The Xbox Family Guide is a small leaflet that can fit into a pocket, covering every aspect of an Xbox from how to set it up, to how to get it online, and even what the Xbox Game Pass is. The guide also tells parents how to set-up their children with a child account, how important it is to pay attention to online spending, and what PEGI age ratings are.
Retailers like GAME, WH Smith, Gamestop, Smyths, and John Lewis will be distributing the more than 100,000 printed copies of the guide around the UK and Ireland. The guides will be available also online on Xbox website. Microsoft really want consumers to be aware of the parental control they have over the console, as well as the restrictions they can put in place to avoid secret online spending.
As part of the guide parents are shown how to set-up an Xbox One console before Christmas Day. The idea behind this is that all the games the child will receive for their console will have a chance to install on the hardware and download any required updates before they get played.
The four key parts of what Microsoft is trying to get across to parents are; privacy control, purchase limits, screen time management, and content filters. Screen time can be managed on the go, with children being able to request more via email, which parents can respond to by enabling more time as they choose remotely.
Microsoft are eager to encourage a healthy relationship between games and children. They’re aware that with so much time available to them children can spend long hours gaming into the evening, or all day. They’re trying to encourage children and parents to talk about games, and how long they’re allowed to play for verses simply being told that they can’t play anymore because they’ve played enough already.

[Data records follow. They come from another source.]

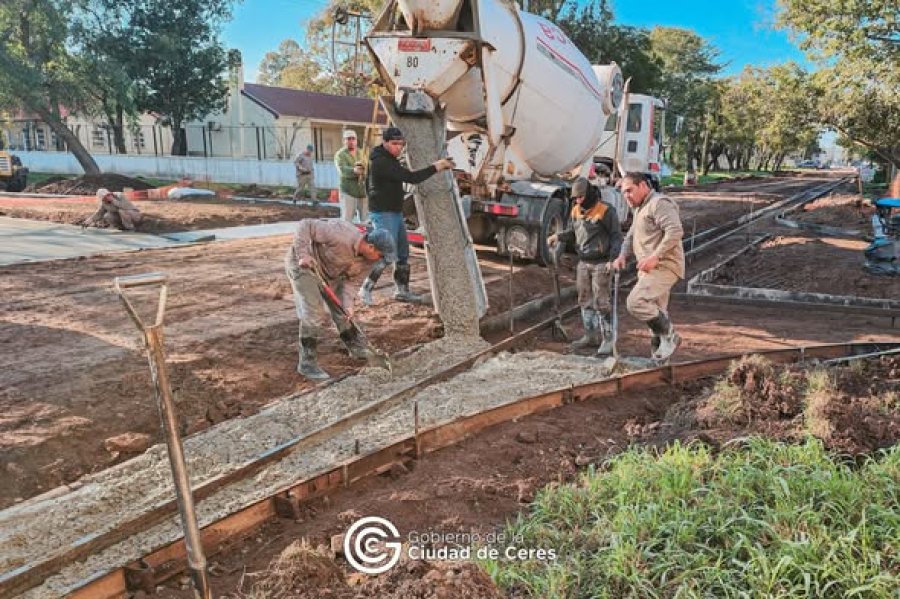 Cuadrilla Municipal en plena labor.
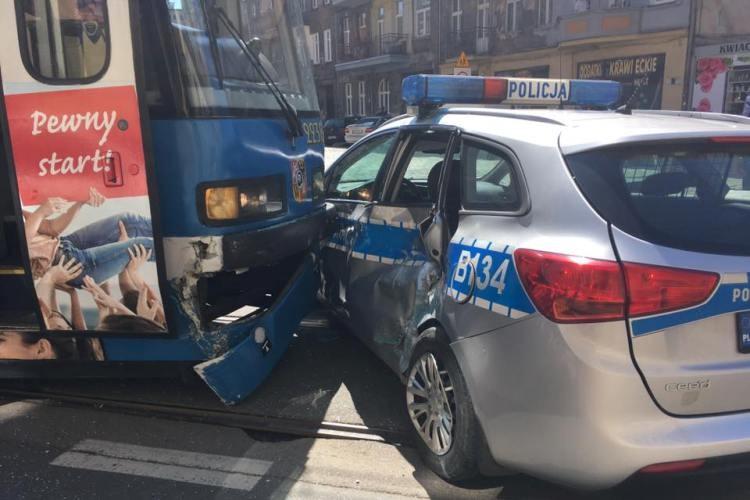 Radiowóz wjechał pod tramwaj na Nowowiejskiej. Dwóch policjantów rannych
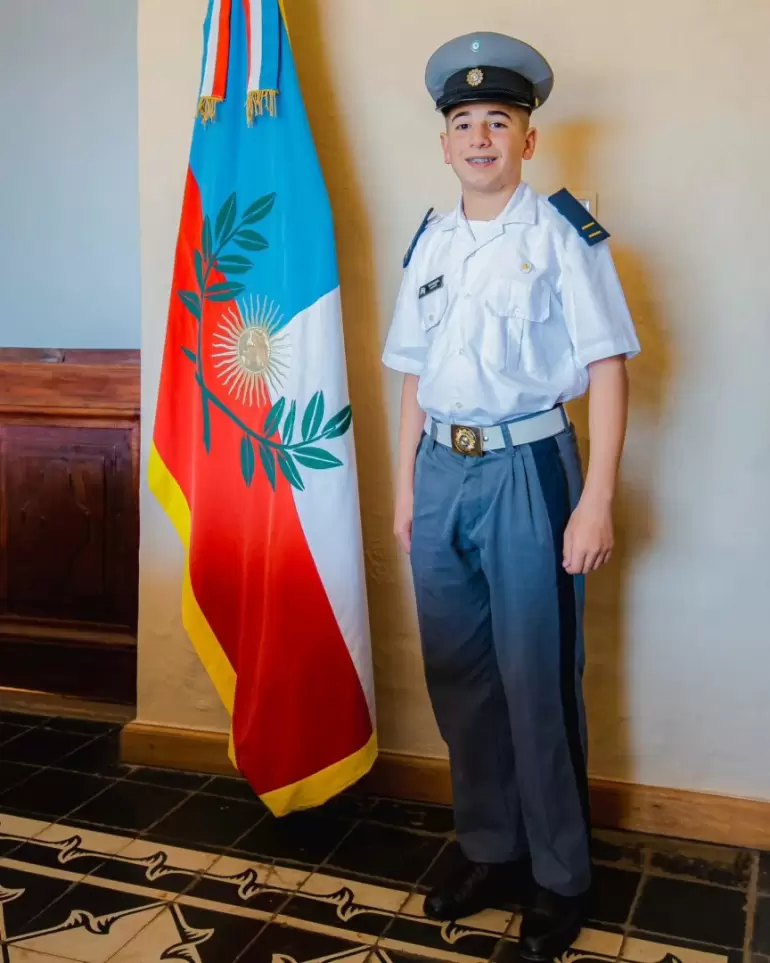 Un joven catamarqueo fue distinguido con el mejor promedio del Liceo Militar Gregorio Aroz de Lamadrid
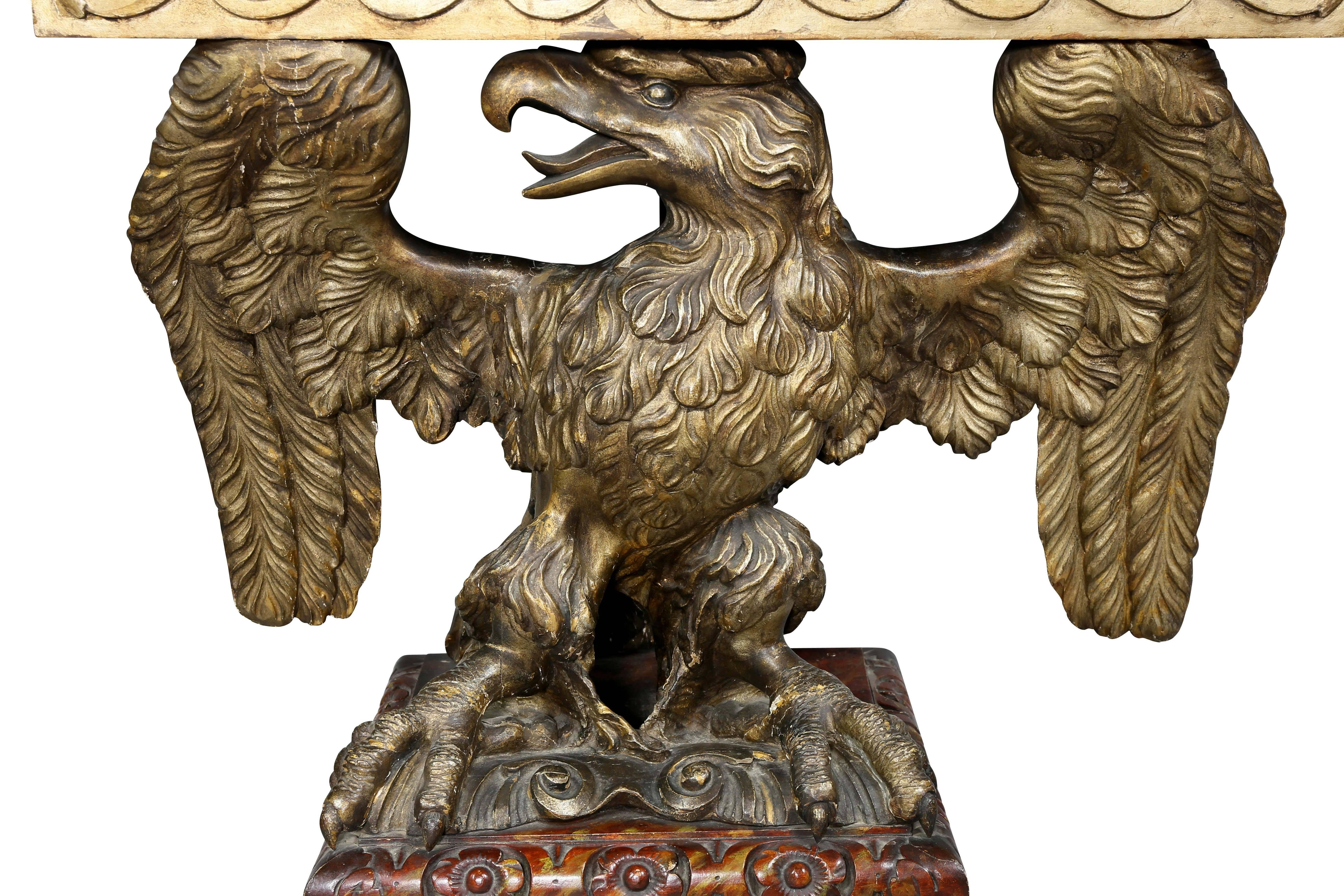 Paire de consoles en bois doré et marbre gris en forme d'aigle de style George II Bon état - En vente à Essex, MA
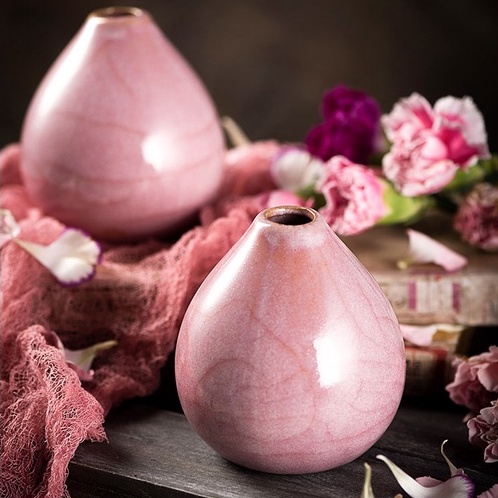 Bình hoa gốm sứ hình củ hành màu hồng độc đáo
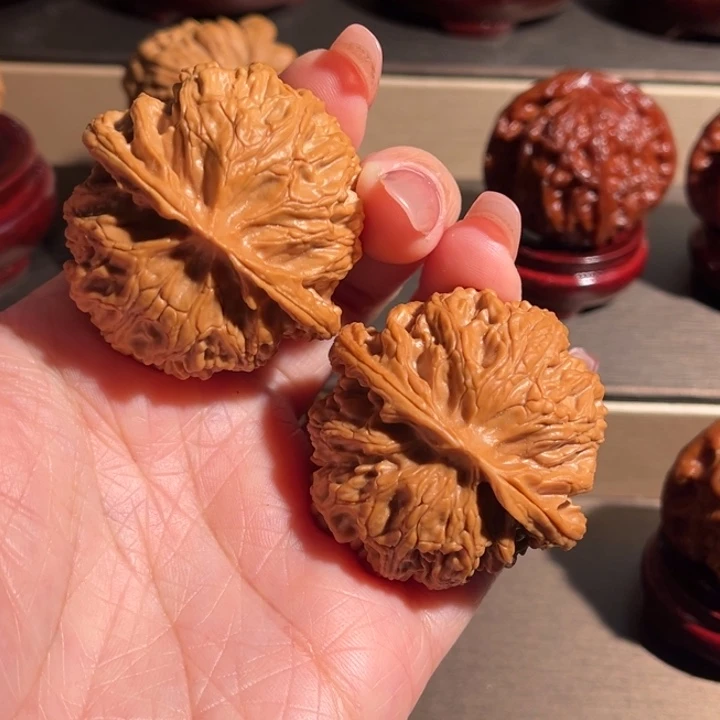 小***桨文玩核桃吊坠苹果园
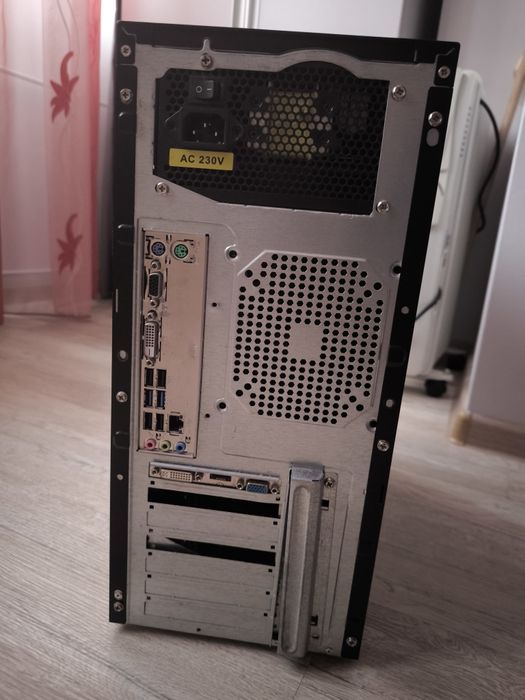 Vând PC Intel Core i5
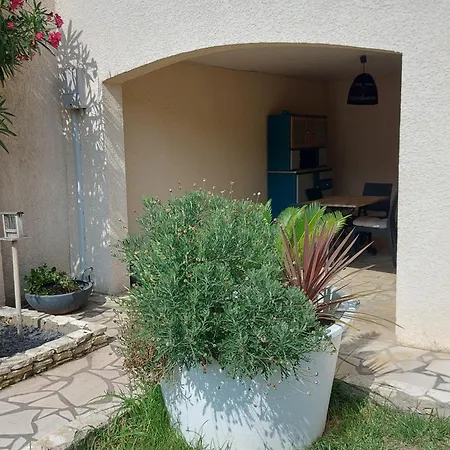 Avec Piscine Et Parking Prive *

Content filters have been put in place to ensure children never see anything they aren’t supposed to, as long as parents put them in place. By default the family friendly content screen is shown on the Xbox home screen, but further filters avoid anything popping up that shouldn’t.
Purchase controls are a big help to parents when it comes to devices such as the Xbox One. Parents can enter a 6 digit passcode which needs to be input before certain users can purchase anything, removing the fear that a child will spend hundreds of pounds in Fortnite on skins one day.
Finally, a feature called ‘Ask a Parent’ allows children to ask their parents for either more screen time, or if they can make a purchase. The hope Microsoft has for these features is that parents and their children have more of a shared experience in gaming, coming together rather than the children spending all their time playing in a separate room.